Exercise instructions:
The response should be the lines of the data, starting at the first and ending at the one that contains "Raj Tarun కెరీర్", copied without change.

=== Section Start ===

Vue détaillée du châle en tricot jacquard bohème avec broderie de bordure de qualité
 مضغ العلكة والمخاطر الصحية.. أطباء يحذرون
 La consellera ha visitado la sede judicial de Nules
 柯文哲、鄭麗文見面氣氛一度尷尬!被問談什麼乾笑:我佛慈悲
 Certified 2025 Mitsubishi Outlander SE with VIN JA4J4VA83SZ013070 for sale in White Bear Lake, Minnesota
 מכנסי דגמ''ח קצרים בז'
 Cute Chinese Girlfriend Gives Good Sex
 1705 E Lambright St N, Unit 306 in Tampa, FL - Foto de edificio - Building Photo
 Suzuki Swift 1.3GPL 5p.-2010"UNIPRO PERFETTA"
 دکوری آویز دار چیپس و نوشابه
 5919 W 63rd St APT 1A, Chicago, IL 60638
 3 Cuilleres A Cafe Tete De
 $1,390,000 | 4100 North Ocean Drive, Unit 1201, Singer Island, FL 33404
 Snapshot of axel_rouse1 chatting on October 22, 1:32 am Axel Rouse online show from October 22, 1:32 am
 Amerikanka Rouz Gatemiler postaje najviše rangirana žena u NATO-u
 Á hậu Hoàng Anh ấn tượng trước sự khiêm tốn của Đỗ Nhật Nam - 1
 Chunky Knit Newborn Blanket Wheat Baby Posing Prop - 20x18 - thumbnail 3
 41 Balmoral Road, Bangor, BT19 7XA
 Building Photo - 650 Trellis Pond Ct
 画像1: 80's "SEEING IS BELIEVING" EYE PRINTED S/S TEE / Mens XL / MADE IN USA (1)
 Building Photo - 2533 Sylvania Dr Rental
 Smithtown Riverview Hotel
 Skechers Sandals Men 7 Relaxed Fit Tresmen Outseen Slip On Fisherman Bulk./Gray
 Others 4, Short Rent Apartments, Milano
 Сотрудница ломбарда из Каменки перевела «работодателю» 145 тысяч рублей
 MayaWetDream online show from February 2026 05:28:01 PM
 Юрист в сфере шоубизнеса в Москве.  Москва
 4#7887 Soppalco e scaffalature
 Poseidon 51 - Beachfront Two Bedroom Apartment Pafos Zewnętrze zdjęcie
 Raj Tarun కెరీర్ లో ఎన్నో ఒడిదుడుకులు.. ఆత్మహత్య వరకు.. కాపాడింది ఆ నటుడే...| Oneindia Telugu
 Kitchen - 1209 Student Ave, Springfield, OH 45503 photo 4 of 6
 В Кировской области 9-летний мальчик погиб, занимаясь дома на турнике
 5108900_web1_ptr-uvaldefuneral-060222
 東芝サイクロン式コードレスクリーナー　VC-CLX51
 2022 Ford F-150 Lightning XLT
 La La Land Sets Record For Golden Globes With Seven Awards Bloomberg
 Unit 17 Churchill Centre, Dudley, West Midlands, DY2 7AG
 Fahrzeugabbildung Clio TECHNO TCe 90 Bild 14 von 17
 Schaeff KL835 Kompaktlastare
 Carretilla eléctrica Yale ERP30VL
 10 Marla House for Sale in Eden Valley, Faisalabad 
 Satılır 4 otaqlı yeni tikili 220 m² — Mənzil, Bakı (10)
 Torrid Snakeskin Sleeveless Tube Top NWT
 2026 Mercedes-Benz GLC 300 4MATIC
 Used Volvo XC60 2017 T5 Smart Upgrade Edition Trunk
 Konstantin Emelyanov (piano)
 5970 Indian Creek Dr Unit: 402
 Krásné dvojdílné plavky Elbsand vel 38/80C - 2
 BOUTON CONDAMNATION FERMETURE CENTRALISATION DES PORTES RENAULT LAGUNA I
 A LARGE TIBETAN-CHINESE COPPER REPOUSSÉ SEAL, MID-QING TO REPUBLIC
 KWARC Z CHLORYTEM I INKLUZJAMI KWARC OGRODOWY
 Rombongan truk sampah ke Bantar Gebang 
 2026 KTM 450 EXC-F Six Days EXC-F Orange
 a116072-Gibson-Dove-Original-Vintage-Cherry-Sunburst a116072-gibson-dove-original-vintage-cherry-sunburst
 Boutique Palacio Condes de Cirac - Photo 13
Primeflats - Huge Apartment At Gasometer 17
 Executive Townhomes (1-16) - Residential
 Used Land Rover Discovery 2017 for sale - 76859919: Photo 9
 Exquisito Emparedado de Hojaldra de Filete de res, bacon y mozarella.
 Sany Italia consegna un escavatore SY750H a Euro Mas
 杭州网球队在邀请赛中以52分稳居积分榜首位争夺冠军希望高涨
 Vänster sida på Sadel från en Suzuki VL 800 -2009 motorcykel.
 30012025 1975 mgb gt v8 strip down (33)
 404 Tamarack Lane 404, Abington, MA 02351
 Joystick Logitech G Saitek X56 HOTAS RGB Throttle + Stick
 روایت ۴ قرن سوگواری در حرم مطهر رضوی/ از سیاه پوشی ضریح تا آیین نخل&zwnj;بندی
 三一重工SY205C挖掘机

=== Section End ===

Solution to this problem:
Vue détaillée du châle en tricot jacquard bohème avec broderie de bordure de qualité
 مضغ العلكة والمخاطر الصحية.. أطباء يحذرون
 La consellera ha visitado la sede judicial de Nules
 柯文哲、鄭麗文見面氣氛一度尷尬!被問談什麼乾笑:我佛慈悲
 Certified 2025 Mitsubishi Outlander SE with VIN JA4J4VA83SZ013070 for sale in White Bear Lake, Minnesota
 מכנסי דגמ''ח קצרים בז'
 Cute Chinese Girlfriend Gives Good Sex
 1705 E Lambright St N, Unit 306 in Tampa, FL - Foto de edificio - Building Photo
 Suzuki Swift 1.3GPL 5p.-2010"UNIPRO PERFETTA"
 دکوری آویز دار چیپس و نوشابه
 5919 W 63rd St APT 1A, Chicago, IL 60638
 3 Cuilleres A Cafe Tete De
 $1,390,000 | 4100 North Ocean Drive, Unit 1201, Singer Island, FL 33404
 Snapshot of axel_rouse1 chatting on October 22, 1:32 am Axel Rouse online show from October 22, 1:32 am
 Amerikanka Rouz Gatemiler postaje najviše rangirana žena u NATO-u
 Á hậu Hoàng Anh ấn tượng trước sự khiêm tốn của Đỗ Nhật Nam - 1
 Chunky Knit Newborn Blanket Wheat Baby Posing Prop - 20x18 - thumbnail 3
 41 Balmoral Road, Bangor, BT19 7XA
 Building Photo - 650 Trellis Pond Ct
 画像1: 80's "SEEING IS BELIEVING" EYE PRINTED S/S TEE / Mens XL / MADE IN USA (1)
 Building Photo - 2533 Sylvania Dr Rental
 Smithtown Riverview Hotel
 Skechers Sandals Men 7 Relaxed Fit Tresmen Outseen Slip On Fisherman Bulk./Gray
 Others 4, Short Rent Apartments, Milano
 Сотрудница ломбарда из Каменки перевела «работодателю» 145 тысяч рублей
 MayaWetDream online show from February 2026 05:28:01 PM
 Юрист в сфере шоубизнеса в Москве.  Москва
 4#7887 Soppalco e scaffalature
 Poseidon 51 - Beachfront Two Bedroom Apartment Pafos Zewnętrze zdjęcie
 Raj Tarun కెరీర్ లో ఎన్నో ఒడిదుడుకులు.. ఆత్మహత్య వరకు.. కాపాడింది ఆ నటుడే...| Oneindia Telugu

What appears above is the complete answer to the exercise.